* [Work instruction] You are asked to reproduce the listing exactly and to omit its pictures.

* [Given information]
━━━━━━━━━━━━━━━━

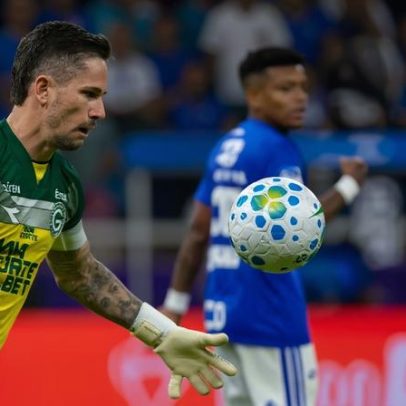 Tadeu sofre lesão e deixa campo em eliminação do Goiás na Copa do Brasil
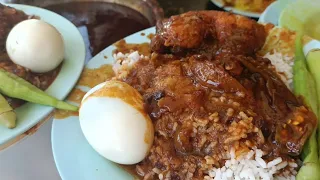 Nasi Kandar Merlin yang sangat Popular di Georgetown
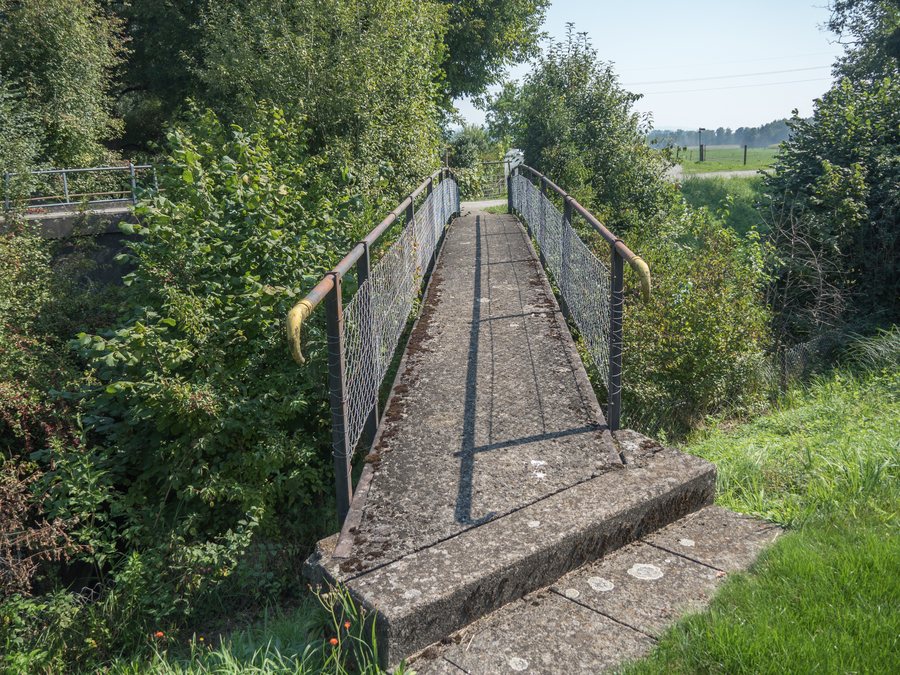 File:Fussgänger-Brücke über die Bünz, Bünzen AG 20230909-jag9889.jpg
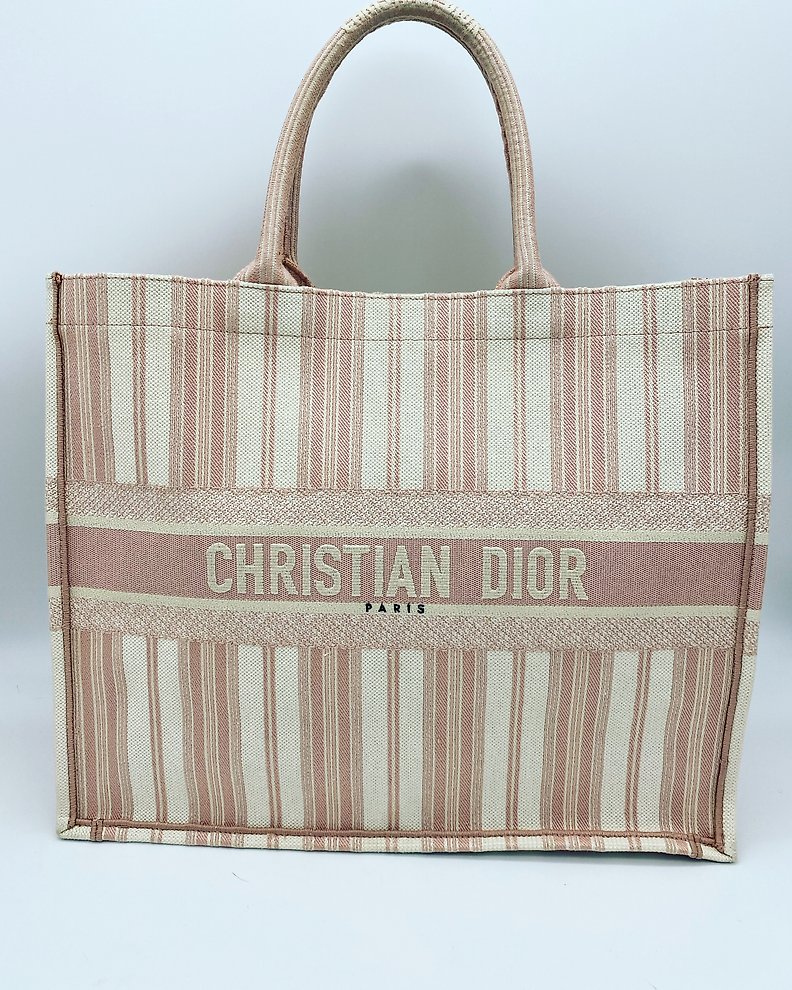 Christian Dior - Book Tote Medium Handbag - Catawiki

━━━━━━━━━━━━━━━━

* [Task result]
 Tadeu sofre lesão e deixa campo em eliminação do Goiás na Copa do Brasil
 Nasi Kandar Merlin yang sangat Popular di Georgetown
 File:Fussgänger-Brücke über die Bünz, Bünzen AG 20230909-jag9889.jpg
 Christian Dior - Book Tote Medium Handbag - Catawiki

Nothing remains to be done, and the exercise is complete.